The details will be handled by a board of eight people all based in Cedar Rapids, including retired AEGON USA president/CEO Pat Baird. One still to be determined is whether the event will be open to the general public.
“We're working on that,” Johnson said. “We'd certainly like it to be a public event. I think there would be great potential for that. I don't want to have to set any limits on what we can do.”
Johnson's parents live and work in Cedar Rapids, but he hasn't lived here for about a decade. He now resides in Sea Island, Ga. Yet, the winner of seven PGA Tour events including the 2007 Masters, continues to treat his hometown as his home in important ways.
“The formation and implementation of this foundation fulfills a dream of mine,” he said.
“We want to do this for a number of reasons. One, because I love Iowa, I love Cedar Rapids, I love coming home. ... It's still home in so many ways.
“I appreciate and respect the people here. I've left only because I felt my job has taken me out of here.”
AEGON has been a sponsor of Johnson's since before he sank his first putt as a PGA Tour member.
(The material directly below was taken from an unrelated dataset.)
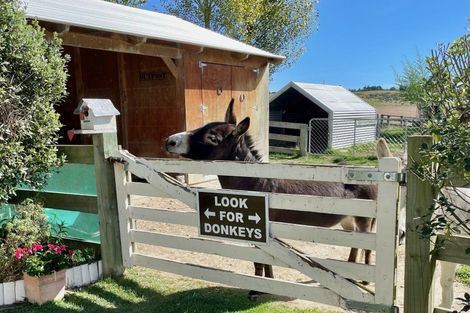 Photo of property in 805 Opihi Road, Totara Valley, Pleasant Point, 7982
Baird said it was “unthinkable” that AEGON/Transamerica wouldn't be the title sponsor for Johnson's event here, and so it will be.
“Cedar Rapids has had a lot of philanthropic needs and a lot of philanthropy is tapped out here,” Baird said. “This is an opportunity to bring in some dollars from outside the community.”
Said Johnson: “The purpose behind all this in my mind and my heart is because of what my wife and I cling to. That is, to whom much is given, much is expected.”
Zach Johnson with friends at his Monday press conference (Cliff Jette photo)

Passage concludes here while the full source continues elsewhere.